UN mission in Georgia assists fact-finding team after recent attack on Government post

A fact-finding team led by the United Nations has begun looking into reports of a weekend attack on a Georgian Government position in the Upper Kodori valley in the north-west of the country.

Members of the UN Observer Mission in Georgia (UNOMIG) are leading the group including representatives from the Government and Abkhaz sides, as well as with those from the Commonwealth of Independent States peacekeeping force, a UN spokesperson told reporters today.

Michele Montas said the joint team had already gone to the Upper Kodori Valley, adding that the UN was taking the reports of Sunday’s attack with “utmost seriousness.”
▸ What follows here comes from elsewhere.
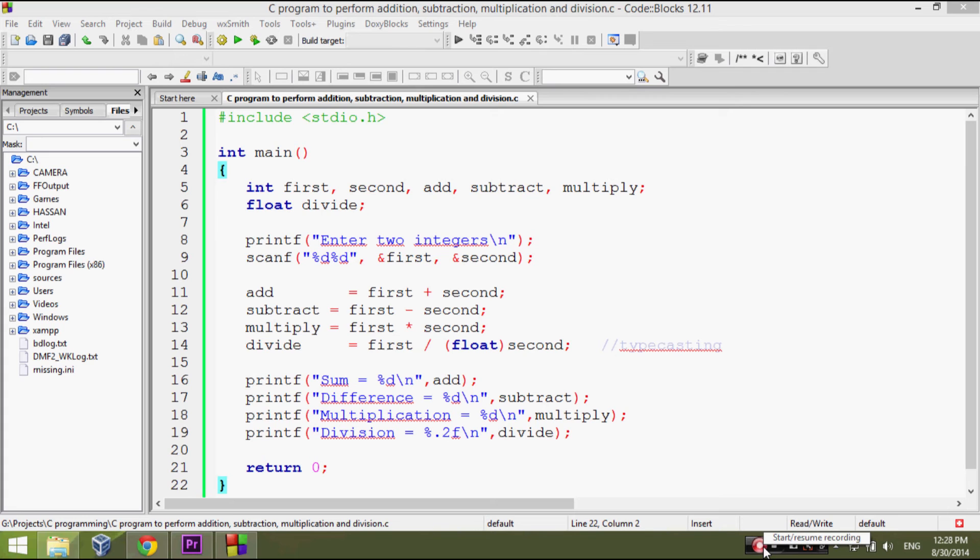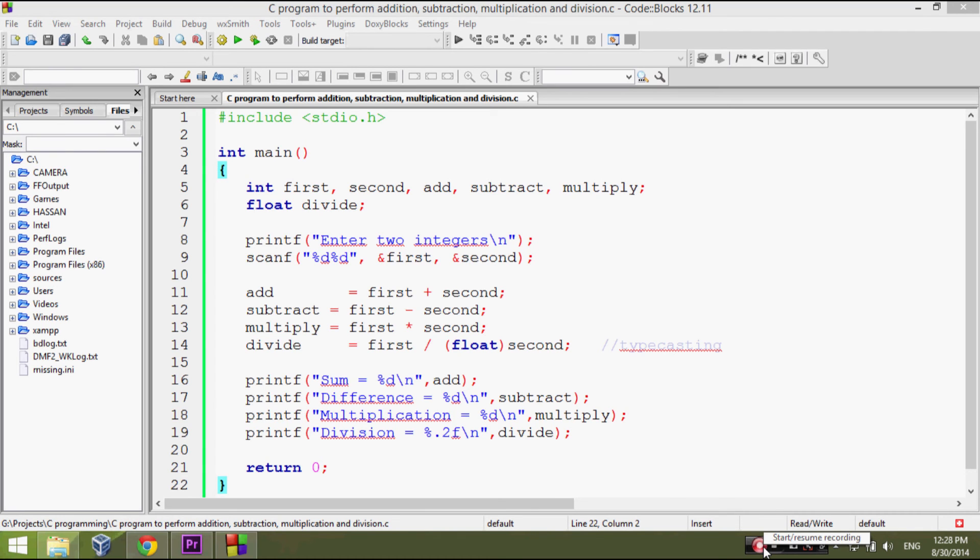So we convert denominator to float in our program. You may also write float in numerator. This explicit conversion is known as typecasting.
After the reports surfaced, the Secretary-General’s Special Representative for Georgia, Jean Arnault, immediately contacted the Georgian and Abkhaz sides in order to form the joint fact-finding group, she said.

Last month, a UN-backed group of countries involved in the peace process between the Government and Abkhaz separatists called on both sides to immediately tackle security issues in the north-west.

The Group of Friends referred to the zone of conflict and also to the Upper Kodori valley, which has in the past been the scene of clashes.

UNOMIG was set up in 1993 and expanded following the signing by the parties of the 1994 Agreement on a Ceasefire and Separation of Forces to verify compliance, with patrols of the Kodori valley a specific part of its mandate.

The Mission currently has some 140 uniformed personnel, including 127 military observers and 12 police, supported by 100 international civilian personnel and 178 local civilian staff.